True, but it's looking like we can just use the default handle
constructed by export_encode_fh(), namely (i_ino, i_generation,
parent->i_ino, parent->i_generation). None of those components should
change in a server reboot.
Also, my thinking now is that there's no reliable way to reconstruct
evicted inodes. I was going to drop that portion of the patch, and stick
to fixing reconnection of cached inodes to dentries. Clients who are
sensitive to ESTALE should mount with subtree_check (so that parent
information is included in the NFS file handles, increasing our ability
to reconnect), and either handle ESTALE at the application level, or via
patches such as Jeff Layton's series
(https://lkml.org/lkml/2012/6/29/381 - I will be testing this shortly).

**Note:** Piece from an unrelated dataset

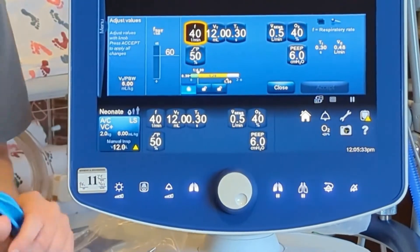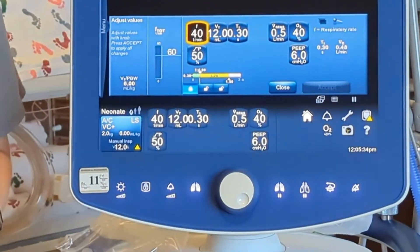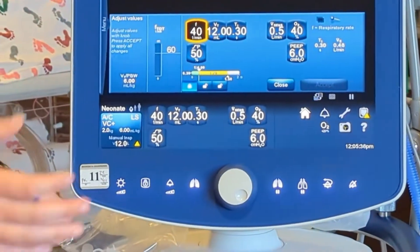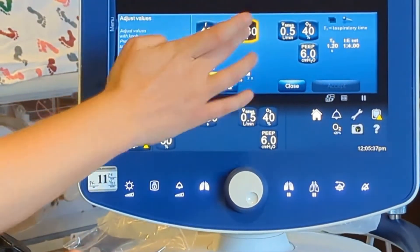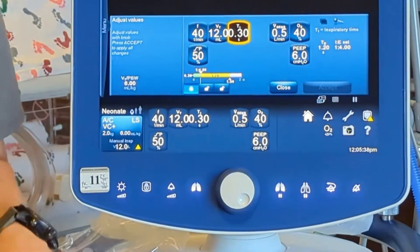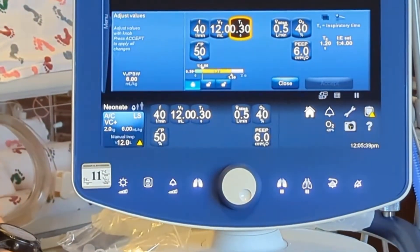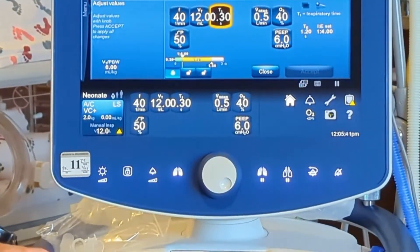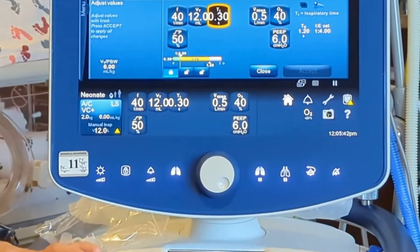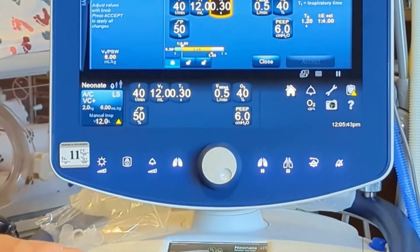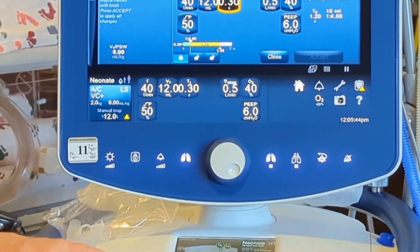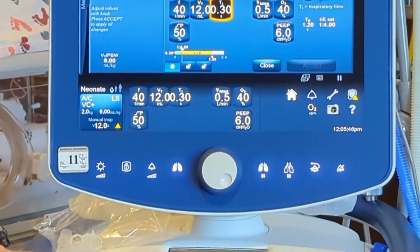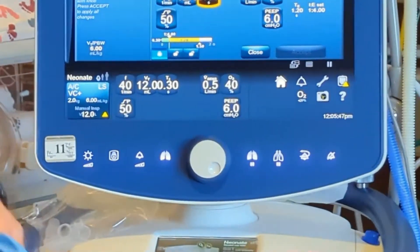Then we'll set our respiratory rate — generally anywhere between 40 and 60. Our inspiratory time depends on the gestational age of the baby, but generally we'll start anywhere from 0.3 to 0.5, normally 0.35.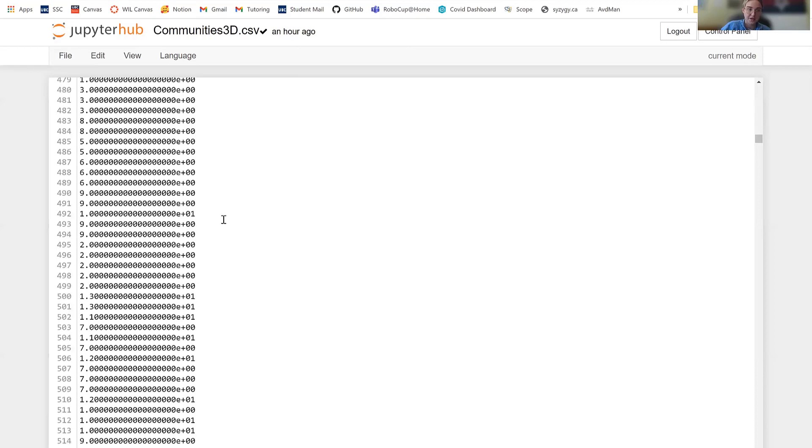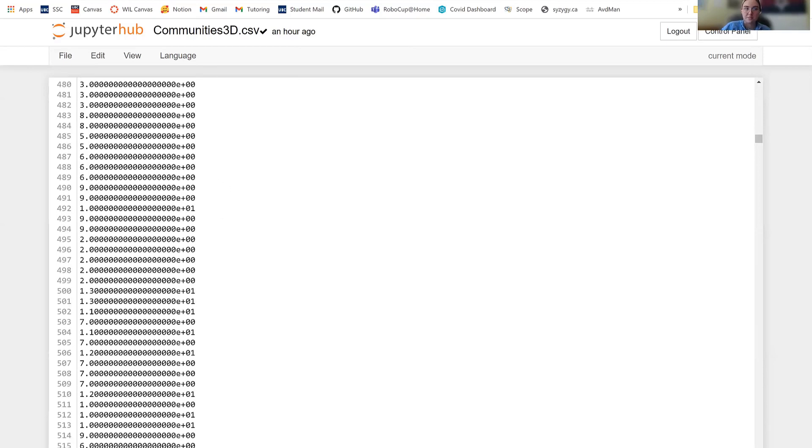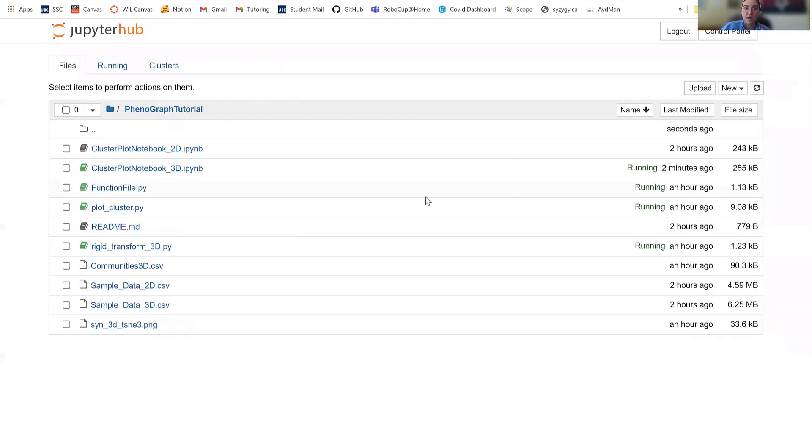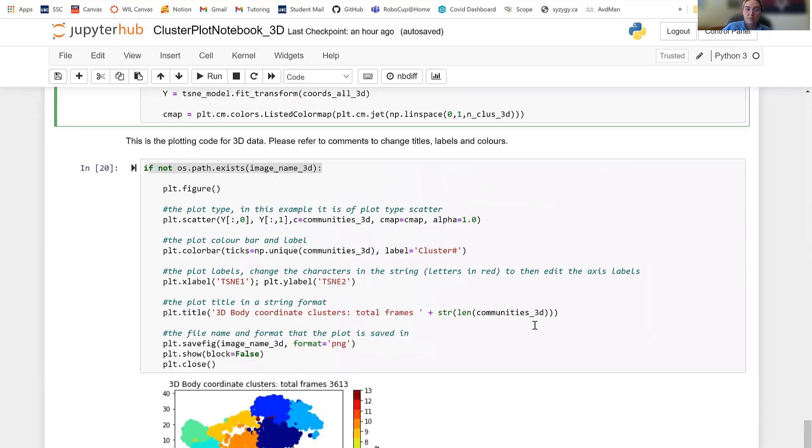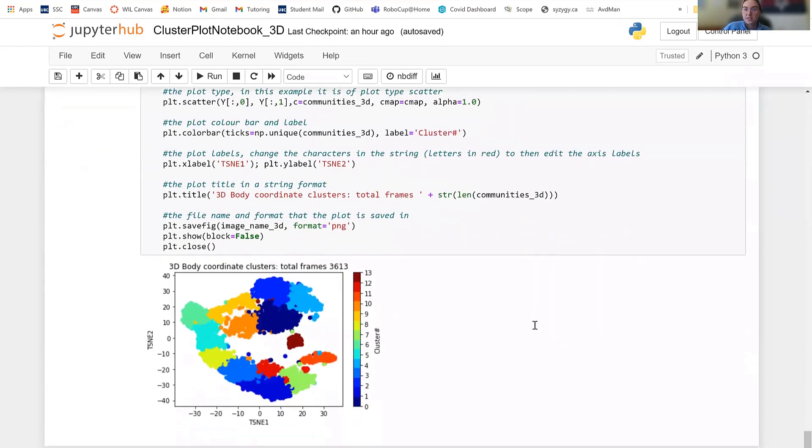But yeah, there's a basic run through on how to use the phenograph tutorial package. There is a 2D option. So be sure to use that if your data only includes two dimensions. And if you scroll through, each of the cell blocks has some explanation and read through the comments would be really helpful. And yeah, thank you so much for watching.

> > Do you have any objection to making the use of a directory logstart
> > cache a mount option that defaults to off? It seems a shame to penalize
> > everyone - particularly embedded systems - with the overhead of such a
> > cache when FAT-backed-NFS seems to be such a small percentage of use
> > cases.
>
> I'm not sure what did it mean. It means to remove i_logstart from NFS
> file handle?
I am proposing to remove i_logstart from the file handle but what I was
asking here is whether the population of the new logstart index you've
proposed could be optional.
Maybe it's time to post a new spin of the patch so we are all talking
about the same concrete thing.
------------------------------------------------------------------------
Steven J. Magnani "I claim this network for MARS!
www.digidescorp.com Earthling, return my space modulator!"